While that sounds simple enough, getting there is easier said than done. Hospitals, physicians and other groups that provide care can sometimes be resistant to change, especially as it relates to performance. Health care stakeholders who don’t always see eye to eye—like insurers, employers, hospitals and others—must work together to make sure they measure and report what we truly need to know about health care. And when all that hard work is done, it can be tough to get consumers to seek and use those reports.

Despite the challenges, all 16 alliances successfully convened diverse health care groups to measure and publicly report performance on the care of everything from diabetes to depression. In many instances, the work supported by RWJF builds on longstanding, grassroots efforts to create and report data on the quality of local health care. For example, Minnesota Community Measurement (MNCM) has focused since the early 1990s on getting doctors, hospitals, insurers and others to measure the care delivered in that state. Back then, state health care groups came together to develop guidelines around the appropriate use of antibiotics for urinary tract infections.

With RWJF’s support, MNCM has continued to serve as a national model for quality measurement. Today, MNCM is helping bring providers together to measure and assess everything from how doctors treat simple infections to more complicated measures that assess how hospitals, physicians and other health care providers manage costly, chronic conditions such as diabetes and heart disease, as well as how well they communicate with patients.

More recently, MNCM crafted a series of diabetes treatment guidelines, known as the D5, that track a given patient’s blood pressure, cholesterol, blood sugar levels, tobacco use and aspirin intake.

Crucially, MNCM crafted the D5 so that patients who achieve success on all five goals can reduce their overall risk for heart attacks and strokes, as well as problems with their kidneys, eyes and nervous system.
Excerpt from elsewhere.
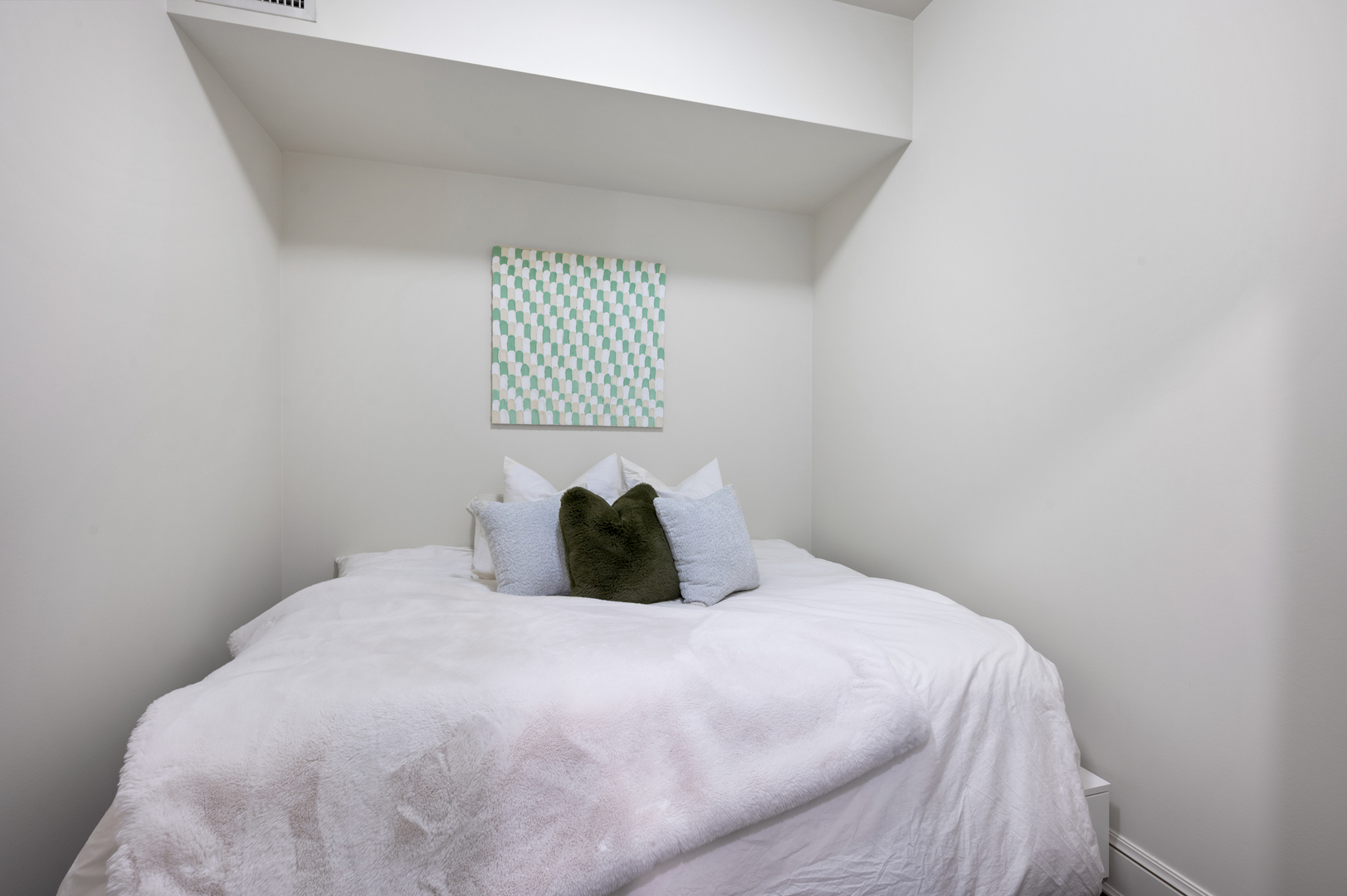 850 N Lake Shore Drive Unit: 612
Today, Minnesota physician practices can compare their performance in treating diabetes against nearly 50 similar practices.

While all of our alliances have found it challenging to connect consumers with the information they’ve published, health care leaders in Minnesota and elsewhere believe that the mere process of measuring the care provided in their state—and making those assessments readily available to the public—have been powerful motivators for doctors and hospitals to improve the way they treat patients.
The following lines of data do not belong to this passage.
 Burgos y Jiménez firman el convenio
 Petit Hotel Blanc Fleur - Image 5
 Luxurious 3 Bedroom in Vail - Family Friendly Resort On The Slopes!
Minnesota health care stakeholders are now working on creating a measurement for health care costs. And through an additional grant from RWJF, they’re launching ‘The DOCTOR Project,’ a major effort to help 10 communities create consumer-friendly ways to assess and report on the care local physicians provide.
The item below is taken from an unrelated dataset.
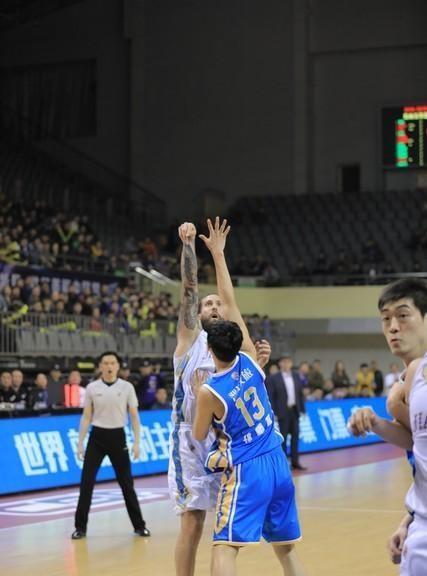 今晚CBA常规赛第七轮四场比赛赛事预告前瞻预测：今晚谁主沉浮？
今晚CBA常规赛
Ultimately, we believe that developing and sharing consumer-friendly information on the cost and quality of the care provided in communities is a vital part of creating a nationwide Culture of Health. We are proud of the pioneering work being done in Minnesota and elsewhere and look forward to future efforts to increase transparency in American health care.

Anne F. Weiss, MPP, leads efforts to improve the value of U.S. health care at the Robert Wood Johnson Foundation, Princeton, NJ.